_WHAT TO WORK ON_
Copy each of the records exactly; leave nothing out.

_RECORDS_
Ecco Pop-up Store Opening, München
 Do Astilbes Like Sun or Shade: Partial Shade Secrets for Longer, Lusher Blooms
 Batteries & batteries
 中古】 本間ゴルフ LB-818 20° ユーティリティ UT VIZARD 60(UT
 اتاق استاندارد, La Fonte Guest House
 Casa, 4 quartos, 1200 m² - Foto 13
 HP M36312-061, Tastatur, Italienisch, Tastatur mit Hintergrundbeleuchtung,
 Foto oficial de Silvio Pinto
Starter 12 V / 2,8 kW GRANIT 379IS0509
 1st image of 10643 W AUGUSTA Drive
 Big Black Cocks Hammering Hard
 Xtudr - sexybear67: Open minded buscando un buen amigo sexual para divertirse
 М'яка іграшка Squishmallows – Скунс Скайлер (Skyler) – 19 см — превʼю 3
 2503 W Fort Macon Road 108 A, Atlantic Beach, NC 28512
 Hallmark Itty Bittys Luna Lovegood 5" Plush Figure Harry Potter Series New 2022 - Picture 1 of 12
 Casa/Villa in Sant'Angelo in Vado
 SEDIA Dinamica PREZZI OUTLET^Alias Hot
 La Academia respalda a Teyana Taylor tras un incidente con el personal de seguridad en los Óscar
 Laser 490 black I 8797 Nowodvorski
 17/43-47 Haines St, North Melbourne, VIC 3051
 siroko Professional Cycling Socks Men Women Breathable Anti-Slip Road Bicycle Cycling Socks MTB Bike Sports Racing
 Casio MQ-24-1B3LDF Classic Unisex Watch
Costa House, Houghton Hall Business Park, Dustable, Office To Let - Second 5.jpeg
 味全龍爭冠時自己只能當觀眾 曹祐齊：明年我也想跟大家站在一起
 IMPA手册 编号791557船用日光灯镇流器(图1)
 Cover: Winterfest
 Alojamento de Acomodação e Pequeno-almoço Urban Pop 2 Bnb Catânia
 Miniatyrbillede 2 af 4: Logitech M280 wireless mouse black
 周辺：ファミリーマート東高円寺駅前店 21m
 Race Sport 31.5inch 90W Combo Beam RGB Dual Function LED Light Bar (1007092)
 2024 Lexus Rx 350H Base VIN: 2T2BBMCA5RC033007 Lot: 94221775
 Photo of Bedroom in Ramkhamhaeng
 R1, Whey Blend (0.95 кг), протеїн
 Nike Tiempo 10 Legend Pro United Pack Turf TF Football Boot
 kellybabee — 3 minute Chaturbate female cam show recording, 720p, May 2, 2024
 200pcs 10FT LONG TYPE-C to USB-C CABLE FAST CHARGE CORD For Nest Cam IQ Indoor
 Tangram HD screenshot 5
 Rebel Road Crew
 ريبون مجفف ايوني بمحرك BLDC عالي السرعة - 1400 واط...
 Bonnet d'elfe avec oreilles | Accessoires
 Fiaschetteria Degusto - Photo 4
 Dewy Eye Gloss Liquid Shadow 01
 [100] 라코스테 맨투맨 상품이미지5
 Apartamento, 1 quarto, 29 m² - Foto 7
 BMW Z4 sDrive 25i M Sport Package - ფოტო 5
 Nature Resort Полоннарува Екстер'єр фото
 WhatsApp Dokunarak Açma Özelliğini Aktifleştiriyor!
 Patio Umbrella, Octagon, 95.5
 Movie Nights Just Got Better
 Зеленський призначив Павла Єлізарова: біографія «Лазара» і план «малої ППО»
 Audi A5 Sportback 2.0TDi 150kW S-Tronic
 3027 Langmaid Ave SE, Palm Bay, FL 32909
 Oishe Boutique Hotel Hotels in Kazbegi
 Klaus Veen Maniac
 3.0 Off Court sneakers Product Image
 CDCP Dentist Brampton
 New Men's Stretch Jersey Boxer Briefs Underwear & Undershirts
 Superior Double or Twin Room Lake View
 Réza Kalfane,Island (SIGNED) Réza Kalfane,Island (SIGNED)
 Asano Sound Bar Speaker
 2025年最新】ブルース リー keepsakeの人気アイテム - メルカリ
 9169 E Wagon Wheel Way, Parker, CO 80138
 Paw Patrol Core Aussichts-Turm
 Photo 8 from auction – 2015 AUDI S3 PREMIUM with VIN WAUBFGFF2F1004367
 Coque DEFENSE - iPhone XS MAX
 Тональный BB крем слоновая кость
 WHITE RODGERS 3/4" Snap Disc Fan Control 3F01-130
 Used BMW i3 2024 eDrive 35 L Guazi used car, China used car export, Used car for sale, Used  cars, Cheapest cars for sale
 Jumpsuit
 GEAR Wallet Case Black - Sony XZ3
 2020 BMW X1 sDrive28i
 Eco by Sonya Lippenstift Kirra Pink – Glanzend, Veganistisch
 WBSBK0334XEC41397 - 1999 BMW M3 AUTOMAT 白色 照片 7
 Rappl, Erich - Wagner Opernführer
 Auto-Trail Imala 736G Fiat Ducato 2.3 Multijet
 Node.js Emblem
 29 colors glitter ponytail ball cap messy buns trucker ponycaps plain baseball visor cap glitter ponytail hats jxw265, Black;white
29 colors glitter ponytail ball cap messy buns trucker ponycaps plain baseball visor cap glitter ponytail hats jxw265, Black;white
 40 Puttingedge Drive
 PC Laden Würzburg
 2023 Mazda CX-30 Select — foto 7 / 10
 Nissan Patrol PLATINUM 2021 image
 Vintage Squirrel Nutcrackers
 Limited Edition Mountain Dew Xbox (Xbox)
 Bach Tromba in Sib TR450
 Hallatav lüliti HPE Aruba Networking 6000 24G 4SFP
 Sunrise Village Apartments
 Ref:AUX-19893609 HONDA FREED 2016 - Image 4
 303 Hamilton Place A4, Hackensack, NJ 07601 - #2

_RESULT OF THIS EXERCISE_
Ecco Pop-up Store Opening, München
 Do Astilbes Like Sun or Shade: Partial Shade Secrets for Longer, Lusher Blooms
 Batteries & batteries
 中古】 本間ゴルフ LB-818 20° ユーティリティ UT VIZARD 60(UT
 اتاق استاندارد, La Fonte Guest House
 Casa, 4 quartos, 1200 m² - Foto 13
 HP M36312-061, Tastatur, Italienisch, Tastatur mit Hintergrundbeleuchtung,
 Foto oficial de Silvio Pinto
Starter 12 V / 2,8 kW GRANIT 379IS0509
 1st image of 10643 W AUGUSTA Drive
 Big Black Cocks Hammering Hard
 Xtudr - sexybear67: Open minded buscando un buen amigo sexual para divertirse
 М'яка іграшка Squishmallows – Скунс Скайлер (Skyler) – 19 см — превʼю 3
 2503 W Fort Macon Road 108 A, Atlantic Beach, NC 28512
 Hallmark Itty Bittys Luna Lovegood 5" Plush Figure Harry Potter Series New 2022 - Picture 1 of 12
 Casa/Villa in Sant'Angelo in Vado
 SEDIA Dinamica PREZZI OUTLET^Alias Hot
 La Academia respalda a Teyana Taylor tras un incidente con el personal de seguridad en los Óscar
 Laser 490 black I 8797 Nowodvorski
 17/43-47 Haines St, North Melbourne, VIC 3051
 siroko Professional Cycling Socks Men Women Breathable Anti-Slip Road Bicycle Cycling Socks MTB Bike Sports Racing
 Casio MQ-24-1B3LDF Classic Unisex Watch
Costa House, Houghton Hall Business Park, Dustable, Office To Let - Second 5.jpeg
 味全龍爭冠時自己只能當觀眾 曹祐齊：明年我也想跟大家站在一起
 IMPA手册 编号791557船用日光灯镇流器(图1)
 Cover: Winterfest
 Alojamento de Acomodação e Pequeno-almoço Urban Pop 2 Bnb Catânia
 Miniatyrbillede 2 af 4: Logitech M280 wireless mouse black
 周辺：ファミリーマート東高円寺駅前店 21m
 Race Sport 31.5inch 90W Combo Beam RGB Dual Function LED Light Bar (1007092)
 2024 Lexus Rx 350H Base VIN: 2T2BBMCA5RC033007 Lot: 94221775
 Photo of Bedroom in Ramkhamhaeng
 R1, Whey Blend (0.95 кг), протеїн
 Nike Tiempo 10 Legend Pro United Pack Turf TF Football Boot
 kellybabee — 3 minute Chaturbate female cam show recording, 720p, May 2, 2024
 200pcs 10FT LONG TYPE-C to USB-C CABLE FAST CHARGE CORD For Nest Cam IQ Indoor
 Tangram HD screenshot 5
 Rebel Road Crew
 ريبون مجفف ايوني بمحرك BLDC عالي السرعة - 1400 واط...
 Bonnet d'elfe avec oreilles | Accessoires
 Fiaschetteria Degusto - Photo 4
 Dewy Eye Gloss Liquid Shadow 01
 [100] 라코스테 맨투맨 상품이미지5
 Apartamento, 1 quarto, 29 m² - Foto 7
 BMW Z4 sDrive 25i M Sport Package - ფოტო 5
 Nature Resort Полоннарува Екстер'єр фото
 WhatsApp Dokunarak Açma Özelliğini Aktifleştiriyor!
 Patio Umbrella, Octagon, 95.5
 Movie Nights Just Got Better
 Зеленський призначив Павла Єлізарова: біографія «Лазара» і план «малої ППО»
 Audi A5 Sportback 2.0TDi 150kW S-Tronic
 3027 Langmaid Ave SE, Palm Bay, FL 32909
 Oishe Boutique Hotel Hotels in Kazbegi
 Klaus Veen Maniac
 3.0 Off Court sneakers Product Image
 CDCP Dentist Brampton
 New Men's Stretch Jersey Boxer Briefs Underwear & Undershirts
 Superior Double or Twin Room Lake View
 Réza Kalfane,Island (SIGNED) Réza Kalfane,Island (SIGNED)
 Asano Sound Bar Speaker
 2025年最新】ブルース リー keepsakeの人気アイテム - メルカリ
 9169 E Wagon Wheel Way, Parker, CO 80138
 Paw Patrol Core Aussichts-Turm
 Photo 8 from auction – 2015 AUDI S3 PREMIUM with VIN WAUBFGFF2F1004367
 Coque DEFENSE - iPhone XS MAX
 Тональный BB крем слоновая кость
 WHITE RODGERS 3/4" Snap Disc Fan Control 3F01-130
 Used BMW i3 2024 eDrive 35 L Guazi used car, China used car export, Used car for sale, Used  cars, Cheapest cars for sale
 Jumpsuit
 GEAR Wallet Case Black - Sony XZ3
 2020 BMW X1 sDrive28i
 Eco by Sonya Lippenstift Kirra Pink – Glanzend, Veganistisch
 WBSBK0334XEC41397 - 1999 BMW M3 AUTOMAT 白色 照片 7
 Rappl, Erich - Wagner Opernführer
 Auto-Trail Imala 736G Fiat Ducato 2.3 Multijet
 Node.js Emblem
 29 colors glitter ponytail ball cap messy buns trucker ponycaps plain baseball visor cap glitter ponytail hats jxw265, Black;white
29 colors glitter ponytail ball cap messy buns trucker ponycaps plain baseball visor cap glitter ponytail hats jxw265, Black;white
 40 Puttingedge Drive
 PC Laden Würzburg
 2023 Mazda CX-30 Select — foto 7 / 10
 Nissan Patrol PLATINUM 2021 image
 Vintage Squirrel Nutcrackers
 Limited Edition Mountain Dew Xbox (Xbox)
 Bach Tromba in Sib TR450
 Hallatav lüliti HPE Aruba Networking 6000 24G 4SFP
 Sunrise Village Apartments
 Ref:AUX-19893609 HONDA FREED 2016 - Image 4
 303 Hamilton Place A4, Hackensack, NJ 07601 - #2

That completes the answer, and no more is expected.